To visualize the embeddings, we experimented with both t-SNE  and Uniform Manifold Approximation and Projection (UMAP) . t-SNE is a very popular algorithm but was a bit too slow for our purposes. We instead opted to use UMAP, which was used as a drop-in replacement for t-SNE in our visualization pipeline.
To better understand the relationship between HIV outcomes and phrase embeddings, we analyzed the proportion of times a clinical phrase in our classifier was associated with a positive or negative HIV health outcome. The color (and color-intensity) of the phrases in the 3D embedding space was achieved by binning these proportions in intervals of 0.2. When visualized in our embedding space, this simple approach illustrates the clear relationship between HIV outcomes and clinical phrases, beyond inspecting the coefficients from our classifier, and provides stakeholders an intuitive and interactive tool to visualize key insights from these analyses. Further exploration using this tool can lead to hypothesis generation for future studies.

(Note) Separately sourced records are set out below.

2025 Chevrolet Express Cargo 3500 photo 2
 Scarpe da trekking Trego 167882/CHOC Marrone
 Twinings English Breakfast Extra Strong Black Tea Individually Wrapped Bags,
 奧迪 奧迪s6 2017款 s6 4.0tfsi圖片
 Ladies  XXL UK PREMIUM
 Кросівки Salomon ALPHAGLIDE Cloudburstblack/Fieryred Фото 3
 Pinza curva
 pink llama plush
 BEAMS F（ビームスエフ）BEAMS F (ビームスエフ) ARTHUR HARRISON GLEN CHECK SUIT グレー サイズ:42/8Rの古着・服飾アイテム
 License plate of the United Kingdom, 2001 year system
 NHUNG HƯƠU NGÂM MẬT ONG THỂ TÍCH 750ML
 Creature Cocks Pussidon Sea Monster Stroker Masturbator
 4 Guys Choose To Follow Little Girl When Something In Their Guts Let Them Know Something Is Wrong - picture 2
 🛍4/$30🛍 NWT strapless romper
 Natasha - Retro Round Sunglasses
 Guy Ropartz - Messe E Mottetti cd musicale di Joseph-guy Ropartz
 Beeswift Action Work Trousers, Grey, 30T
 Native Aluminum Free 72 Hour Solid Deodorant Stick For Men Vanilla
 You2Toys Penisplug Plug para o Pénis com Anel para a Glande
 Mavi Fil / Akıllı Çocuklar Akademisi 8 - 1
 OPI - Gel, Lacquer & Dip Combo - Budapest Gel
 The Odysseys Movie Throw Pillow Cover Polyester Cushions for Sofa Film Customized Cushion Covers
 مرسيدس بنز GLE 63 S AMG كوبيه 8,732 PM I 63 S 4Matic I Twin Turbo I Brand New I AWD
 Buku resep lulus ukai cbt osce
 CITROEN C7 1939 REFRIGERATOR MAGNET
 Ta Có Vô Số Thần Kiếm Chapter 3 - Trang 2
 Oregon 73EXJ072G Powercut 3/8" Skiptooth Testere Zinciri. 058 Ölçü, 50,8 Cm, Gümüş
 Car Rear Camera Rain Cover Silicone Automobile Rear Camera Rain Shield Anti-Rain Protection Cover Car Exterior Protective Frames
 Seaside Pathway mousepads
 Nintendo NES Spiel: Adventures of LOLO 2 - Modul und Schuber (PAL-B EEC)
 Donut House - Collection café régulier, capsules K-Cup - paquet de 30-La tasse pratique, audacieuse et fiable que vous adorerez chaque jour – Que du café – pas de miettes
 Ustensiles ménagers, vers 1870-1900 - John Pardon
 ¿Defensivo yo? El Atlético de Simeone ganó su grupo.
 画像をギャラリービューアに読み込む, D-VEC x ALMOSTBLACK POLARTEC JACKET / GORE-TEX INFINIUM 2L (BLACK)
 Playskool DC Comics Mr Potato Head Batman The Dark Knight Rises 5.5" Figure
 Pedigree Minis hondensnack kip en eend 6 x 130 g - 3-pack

You can check out the full UI below:
It was a pleasure to work with our partners at ViiV Healthcare. They provided us with valuable HIV domain expertise throughout the course of the project. We believe combining the clinical proficiency of domain experts with the careful application machine learning techniques can enable stakeholders like ViiV Healthcare to develop new hypotheses for the drivers of HIV health outcomes. These hypothesis, if vetted by future experiments, have the potential to alter the delivery of health care for HIV patients.
[For more details about the specific HIV health outcomes and model performance, check out our conference poster and abstract entitled Supervised machine learning to predict HIV outcomes using electronic health record and insurance claims data.]
 Turney, Peter D. and Pantel, Patrick. 2010. From frequency to meaning: vector space models of semantics. Journal of Artificial Intelligence Research 37: 141–188.
 Pennington, Jeffrey; Richard Socher; and Christopher D Manning. 2014. GloVe: Global vectors for word representation. Proceedings of the Empirical Methods in Natural Language Processing, 1532–1543.
 Mikolov, Tomas; Kai Chen; Greg S. Corrado; and Jeffrey Dean. 2013. Efficient estimation of word representations in vector space. Proceedings of the International Conference on Learning Representations.
 Choi, Youngduck; Chill Yi-I Chiu; and David Sontag. 2016. Learning low-dimensional representations of medical concepts. AMIA Joint Summits on Translational Science, 41–50.
 McInnes, Leland. and John Healy. 2018. UMAP: Uniform manifold approximation and projection. The Journal of Open Source Software 3(29): 861.